Junto con Julio Torri se revuelcan en la tumba miles de escritores que apostaban por la insinuación, por la elegancia, por la brevedad, pero, sobre todo, que apostaban por la inteligencia del espíritu. Tal vez se necesite un régimen dictatorial, como a finales del siglo XIX, cuando el escritor tenía que emplear todos los recursos del ingenio para filtrar entre las palabras la verdad imprescindible.
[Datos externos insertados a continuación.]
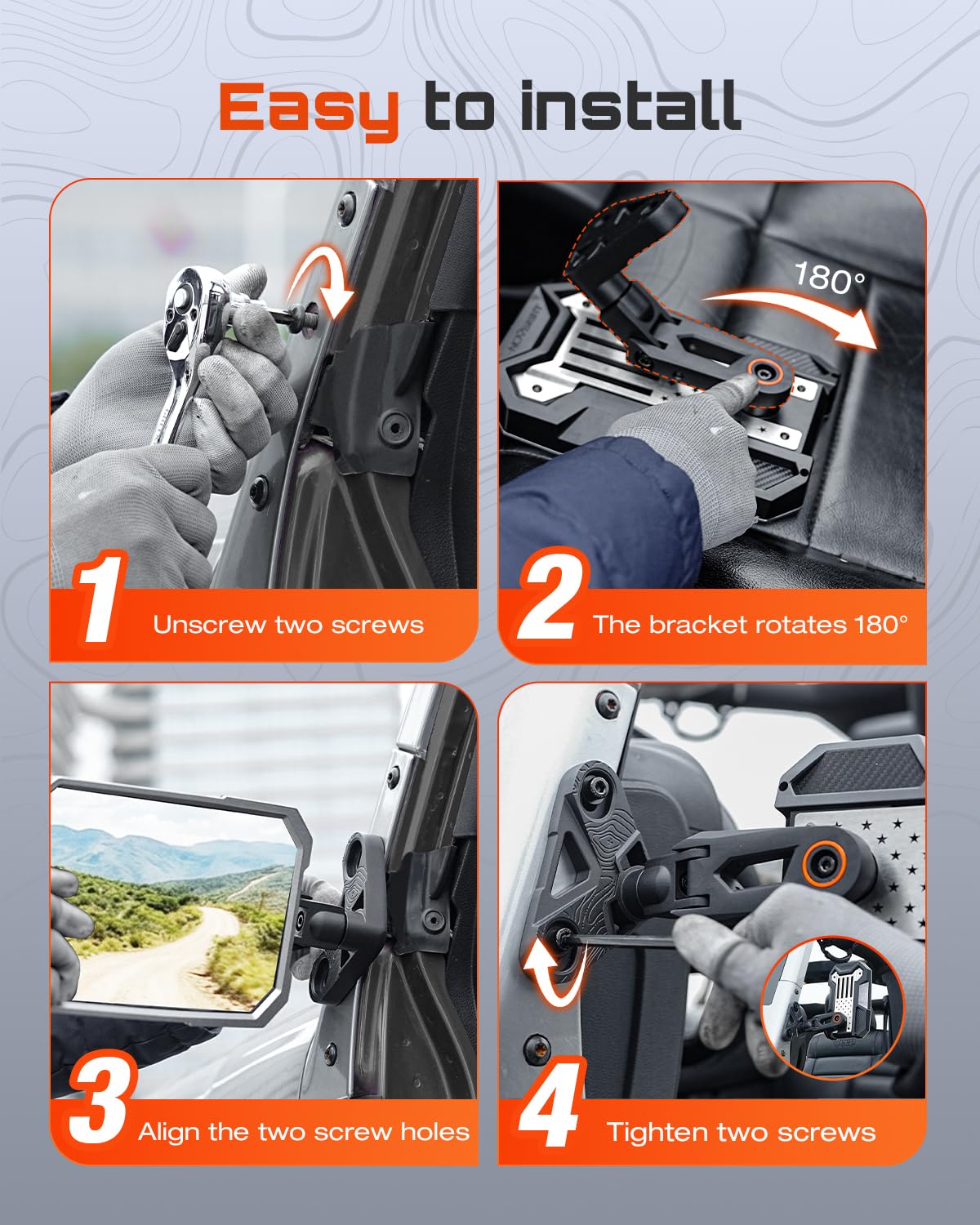 Wrangler Mirrors Doors Off - Wrangler JK Side Mirrors Compatible with Jeep Wrangler TJ JK 1997-2018, Anti-shaking Wider Wrangler Side View Mirrors with Removable Back Panel+5 Creative Sticker Sets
Soy de la firme creencia que toda la aparente libertad que ahora gozamos tiene como consecuencia directa el letargo  en que la sociedad se ve sumergida, huevonés intelectual del siglo XXI.
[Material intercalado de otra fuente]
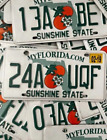 FLORIDA LICENSE PLATE SUNSHINE STATE ORANGE RANDOM LETTERS/ NUMBERS - VERY GOOD!
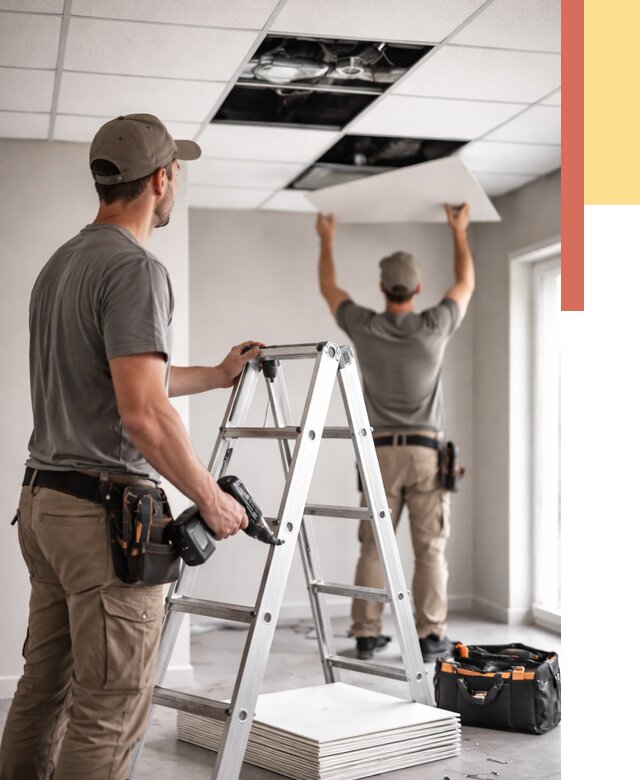 Обслуживание подвесного потолка в Салехарде от 3746 руб. — быстро и недорого | ОТДЕЛОЧНИК-Слх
Es por eso que, desde el fondo del pozo, insto a todos a promover el insulto como una de las bellas artes; a que este ejercicio de la mente se erija una vez más y conquiste ese lugar de gloria que en otrora le pertenecía; a provocar un huracán en las cenas de los domingos por medio de cinco palabras bien hiladas; a destruir una vida provocando una incertidumbre, y a filerear ciento de veces al enemigo con una sonrisa y un picahielos de letras. Los insto a todo esto…  Y me disculpo con ustedes por los eventos de hoy por la mañana. Les explicaré: un carro se me cerró y me encontré en cuestión de minutos en una neblina espesa de mentadas de madre y en un baile de putazos con una persona desconocida que no tenía el menor gusto por el arte del insulto. Fue entonces cuando me di cuenta de la más grande de las verdades: en los momentos en los que el buen gusto no tiene cabida no importa saber que a veces el putazo es imprescindible, sino que hay que saber dar putazos. El ojo morado y el labio roto como testigos.